**REQUIREMENT**
Collect each line of the records containing the string "Gray".
****************
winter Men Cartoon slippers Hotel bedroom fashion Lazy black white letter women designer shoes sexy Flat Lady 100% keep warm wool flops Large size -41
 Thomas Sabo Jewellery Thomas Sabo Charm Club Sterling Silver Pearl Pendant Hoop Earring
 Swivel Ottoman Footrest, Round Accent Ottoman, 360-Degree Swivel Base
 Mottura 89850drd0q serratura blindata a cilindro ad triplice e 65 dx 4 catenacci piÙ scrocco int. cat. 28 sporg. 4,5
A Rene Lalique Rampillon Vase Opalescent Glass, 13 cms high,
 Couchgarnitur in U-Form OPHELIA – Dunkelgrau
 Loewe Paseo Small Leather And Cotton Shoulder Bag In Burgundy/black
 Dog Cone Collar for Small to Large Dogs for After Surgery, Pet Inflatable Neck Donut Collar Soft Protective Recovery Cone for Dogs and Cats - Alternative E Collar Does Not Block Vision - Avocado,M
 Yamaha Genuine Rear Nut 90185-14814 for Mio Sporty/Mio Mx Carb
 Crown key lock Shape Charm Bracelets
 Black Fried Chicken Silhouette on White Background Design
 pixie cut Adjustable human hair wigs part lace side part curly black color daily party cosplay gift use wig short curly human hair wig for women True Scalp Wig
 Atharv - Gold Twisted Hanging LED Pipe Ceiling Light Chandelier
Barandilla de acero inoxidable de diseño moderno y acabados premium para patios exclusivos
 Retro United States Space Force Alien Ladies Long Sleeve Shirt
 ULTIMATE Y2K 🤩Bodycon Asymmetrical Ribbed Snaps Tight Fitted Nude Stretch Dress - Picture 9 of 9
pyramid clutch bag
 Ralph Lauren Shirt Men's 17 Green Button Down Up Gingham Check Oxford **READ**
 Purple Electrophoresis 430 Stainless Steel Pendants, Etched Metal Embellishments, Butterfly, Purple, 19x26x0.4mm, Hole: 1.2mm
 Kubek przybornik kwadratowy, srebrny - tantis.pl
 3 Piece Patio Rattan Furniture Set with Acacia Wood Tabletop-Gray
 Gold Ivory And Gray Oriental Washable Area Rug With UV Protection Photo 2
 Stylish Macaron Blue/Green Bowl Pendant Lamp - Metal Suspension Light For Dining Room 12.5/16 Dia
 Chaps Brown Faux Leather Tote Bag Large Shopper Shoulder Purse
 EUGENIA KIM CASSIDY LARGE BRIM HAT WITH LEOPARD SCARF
****************
**ANSWER AREA**
 3 Piece Patio Rattan Furniture Set with Acacia Wood Tabletop-Gray
 Gold Ivory And Gray Oriental Washable Area Rug With UV Protection Photo 2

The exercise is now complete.